### TASK ITEM
Give back exactly the lines from the one holding "Satin green dress" to the bottom of the material, both included, and nothing more. No pictures.

### RECORDED INFORMATION
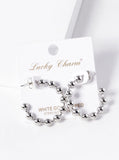 Silver beaded earrings on a 'Lucky Charm' branded card with a white background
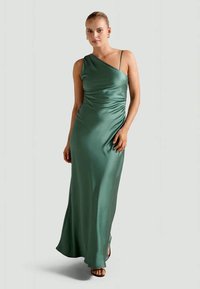 Satin green dress with one shoulder strap, featuring a ruched design and a floor-length fit. Smooth texture and elegant silhouette.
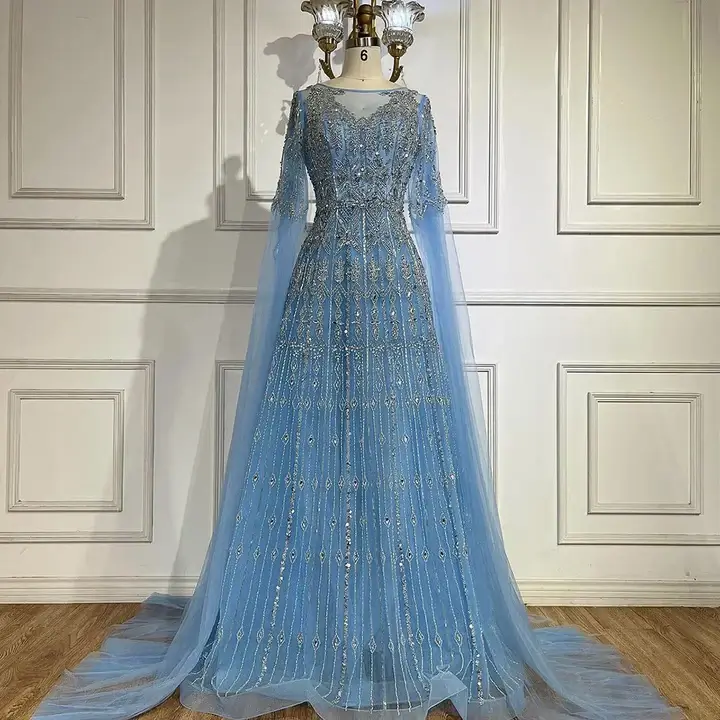 Best Party Wear Dresses Kottakkal. Elegant sky blue beaded evening gown with cape sleeves and intricate embroidery,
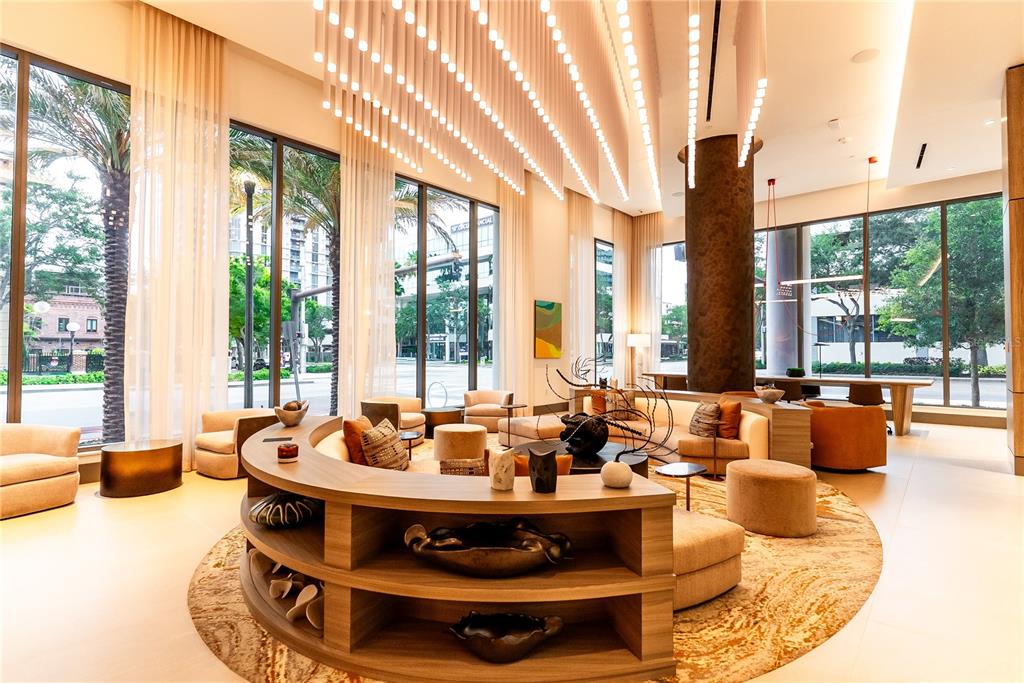 A modern lobby features a curved wooden bookshelf, plush seating, and hanging linear light fixtures — 275 1ST AVENUE S UNIT 1504, ST PETERSBURG, FL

### RESULT OF THIS EXERCISE
 Satin green dress with one shoulder strap, featuring a ruched design and a floor-length fit. Smooth texture and elegant silhouette.
 Best Party Wear Dresses Kottakkal. Elegant sky blue beaded evening gown with cape sleeves and intricate embroidery,
 A modern lobby features a curved wooden bookshelf, plush seating, and hanging linear light fixtures — 275 1ST AVENUE S UNIT 1504, ST PETERSBURG, FL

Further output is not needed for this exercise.